Mohamed Mbougar Sarr, La Plus secrète mémoire des hommes (deuxième livre, troisième partie Nuit de tango par marée haute). Editions Philippe Rey 2021
Vu du sommet de "Pymayon", le verger de Gondran est comme une tache de dartre dans la garrigue. Autour le poil est sain, bourru, frisé, mais là, la bêche de Gondran a raclé la peau.
C'est un verger en pente sur le flanc gras de la colline, à l'endroit où les ruisselets laissent l'alluvion. Sous lui, le torrent a fendu la terre d'une fente étroite, noire, et qui souffle frais comme la bouche d'un abîme. Un vieil aqueduc romain l'enjambe ; ses deux jarrets maigres et poudreux émergent des oliviers.
D'abord, Gondran a creusé un trou sous le genévrier le plus touffu, et quand il a atteint la terre noire, il a mis sa bouteille au frais.
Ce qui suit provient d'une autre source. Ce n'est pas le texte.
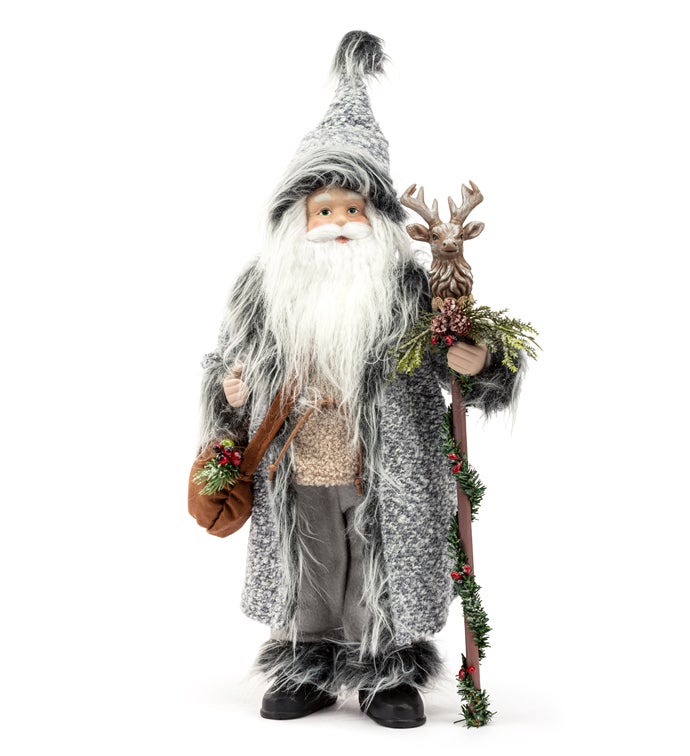 Santa with Deer Staff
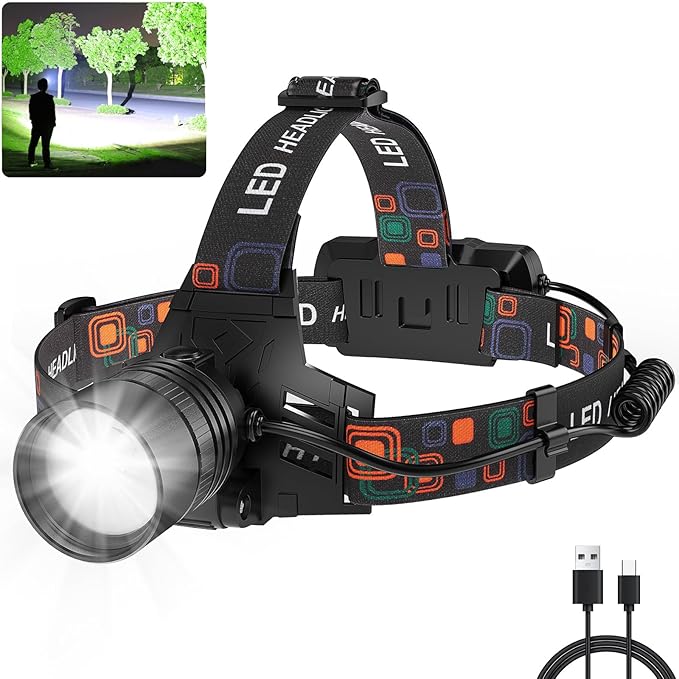 Rechargeable Headlamp, 99000 Lumens Super Bright LED Head Lamp with 3 Modes, 90° Adjustable Head Lights for Forehead, 45H Long Runtime & IPX6 Waterproof HeadLamps for Camping Hunting Hiking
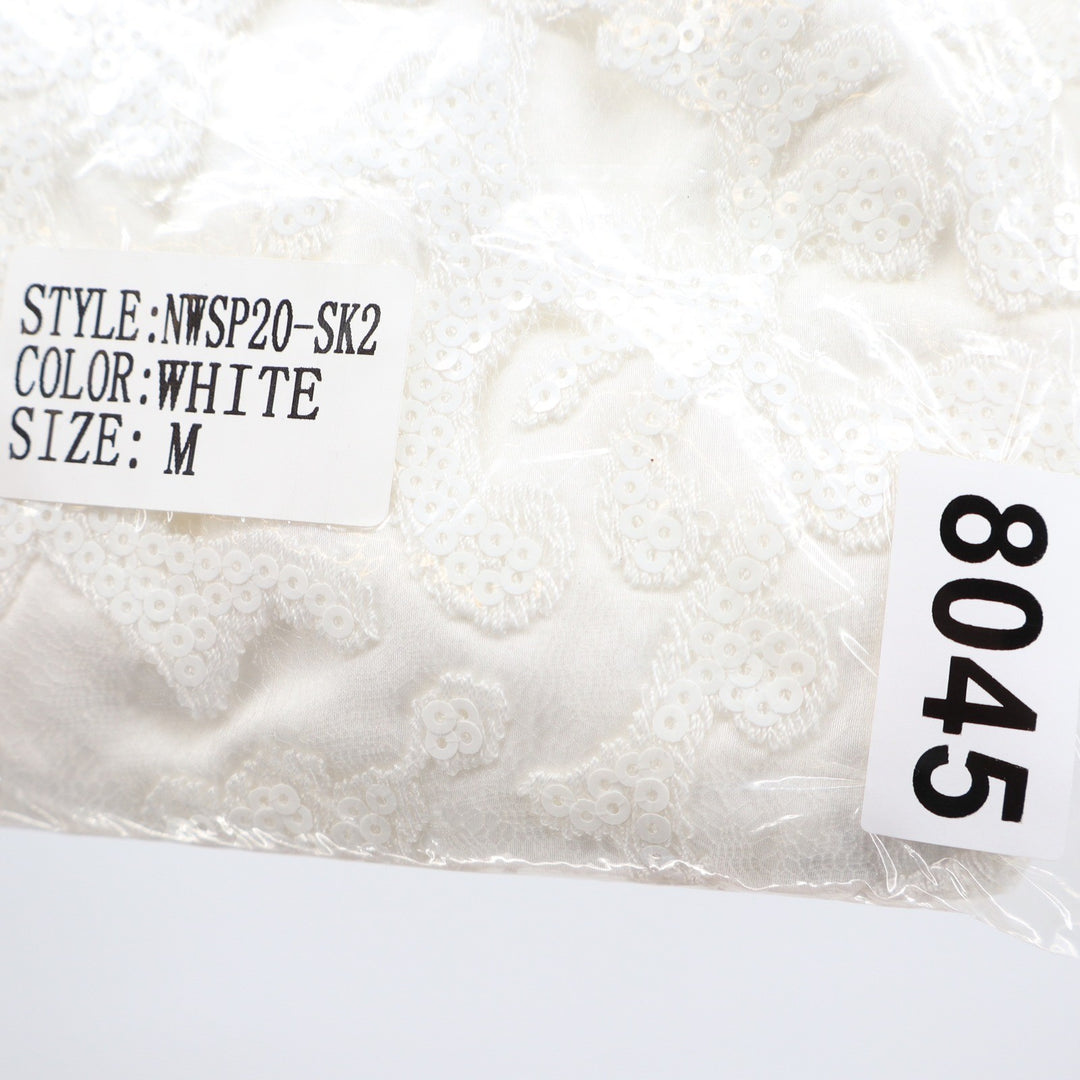 Naked Wardrobe White Sequin Lace Pleated Ruffle Mini Skirt Womens M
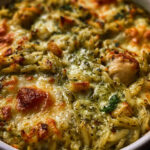 Creamy Pesto Chicken Orzo Casserole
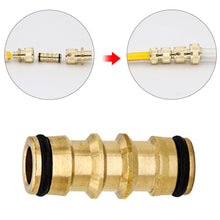 Load image into Gallery viewer, 1pc Garden Brass Hose 2 Way Connector Joiner Coupler Watering Water Pipe Tap Male Water Pipe Repair Extension Joint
Il a choisi une bonne branche à l'abri des fourmis pour pendre son carnier, puis, manches troussées, il s'est mis au travail.
Et l'acier de sa bêche a chanté dans les pierres.
L'ombre des oliviers s'est peu à peu rétrécie ; tout à l'heure, comme un tapis fleuri de taches d'or, elle tenait tout le champ. Sous les rais de plus en plus droits, elle s'est morcelée, puis arrondie. Maintenant elle n'est plus que gouttes grises autour des troncs.
C'est midi.
La bêche s'arrête.
Sieste
L'air plein de mouches grince comme un fruit vert qu'on coupe. Gondran, collé à la terre, dort de tout son poids.
Il se réveille d'un bloc. Du même élan tranquille, il plonge dans le sommeil, puis il émerge. D'un coup de reins il est debout.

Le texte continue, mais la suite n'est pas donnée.